== Segment start ==

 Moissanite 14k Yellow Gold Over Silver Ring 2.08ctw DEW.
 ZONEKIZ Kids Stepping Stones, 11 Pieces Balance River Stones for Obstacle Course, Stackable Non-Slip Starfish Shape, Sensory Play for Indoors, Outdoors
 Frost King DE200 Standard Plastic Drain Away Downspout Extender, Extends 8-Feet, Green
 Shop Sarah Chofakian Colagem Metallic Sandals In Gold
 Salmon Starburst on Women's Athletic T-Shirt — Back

== Segment end ==
== Segment start ==

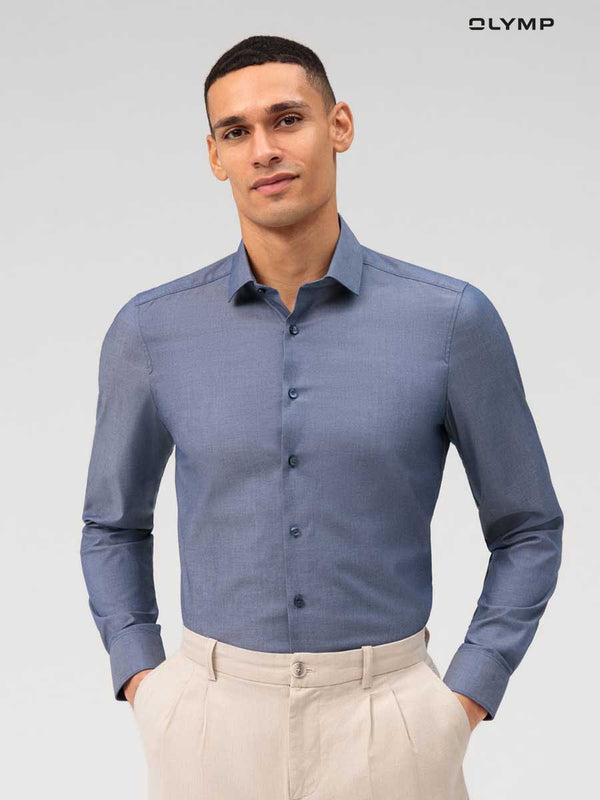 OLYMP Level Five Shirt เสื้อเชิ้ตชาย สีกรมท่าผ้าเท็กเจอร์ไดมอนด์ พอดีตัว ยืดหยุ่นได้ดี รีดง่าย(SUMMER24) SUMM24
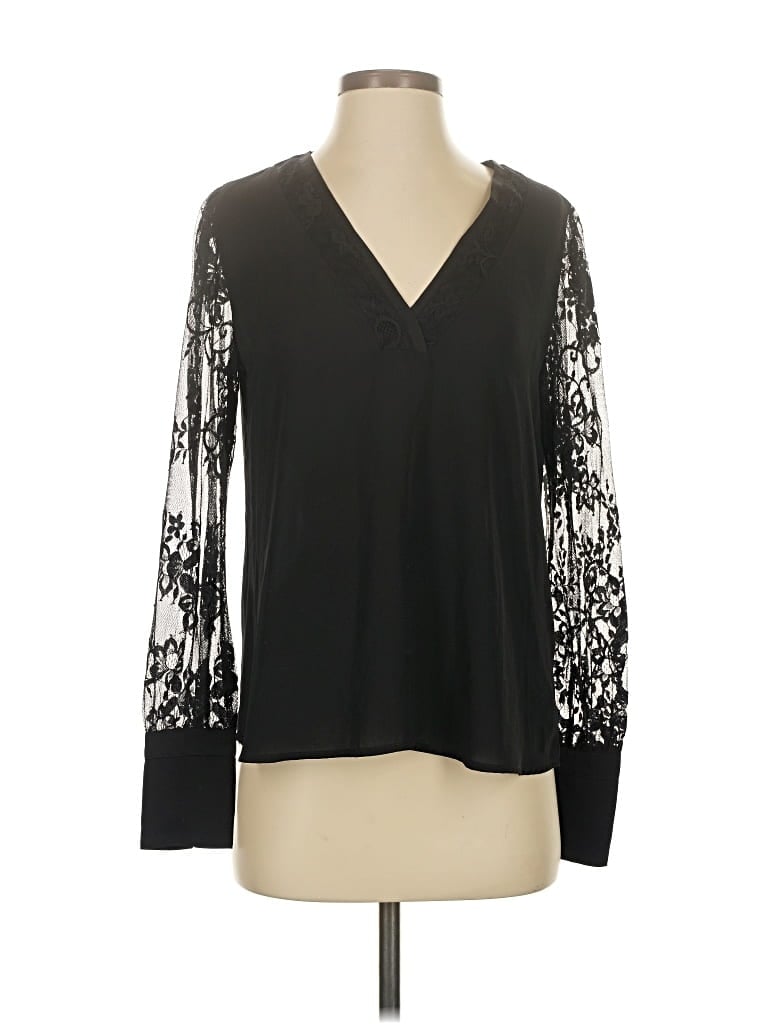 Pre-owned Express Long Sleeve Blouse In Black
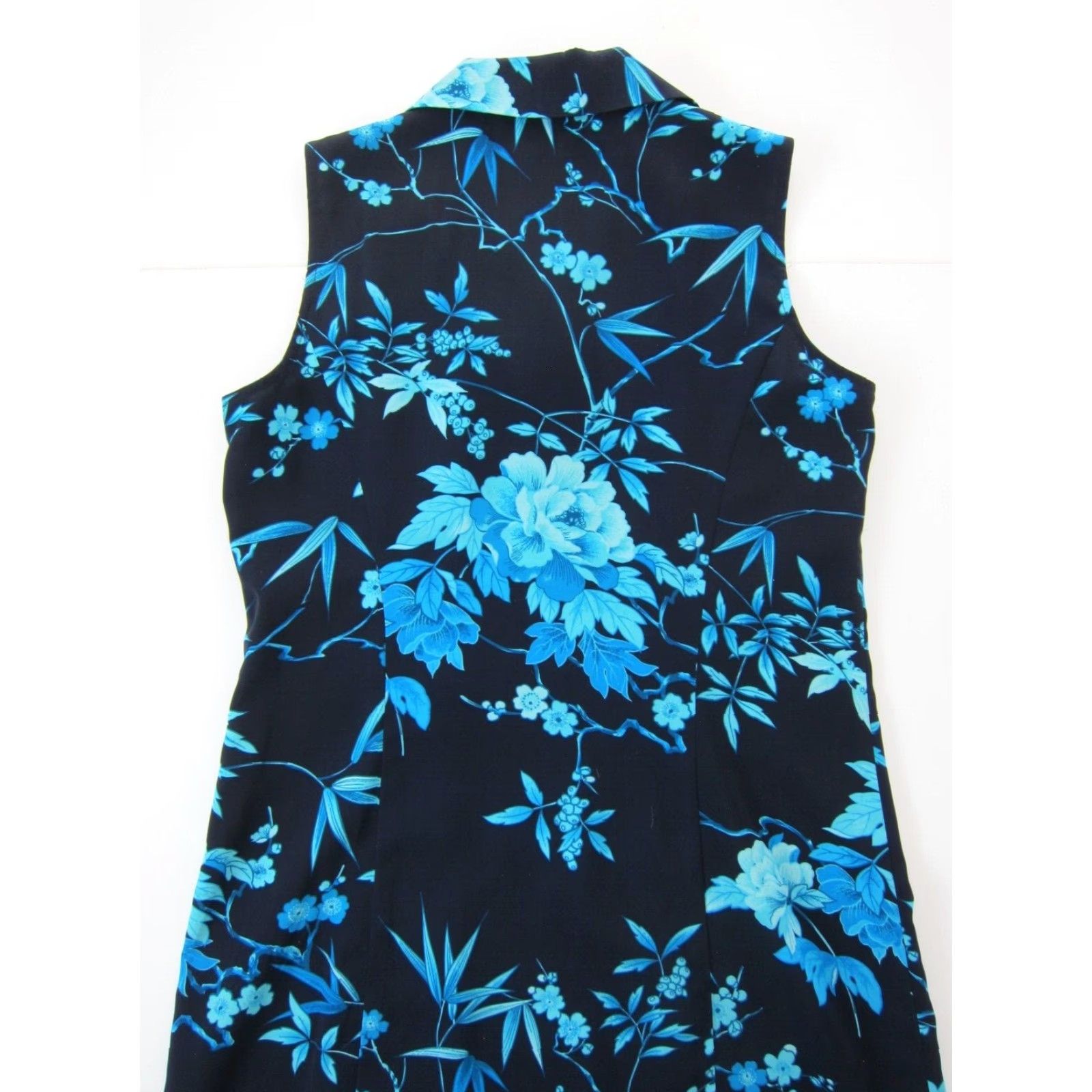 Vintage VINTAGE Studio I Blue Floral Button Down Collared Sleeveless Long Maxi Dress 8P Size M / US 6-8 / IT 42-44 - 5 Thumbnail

== Segment end ==

▶ _WORK ITEM_: In the material above, how many lines include the word "Gold"? State that number alone.

▶ _REPLY_: 2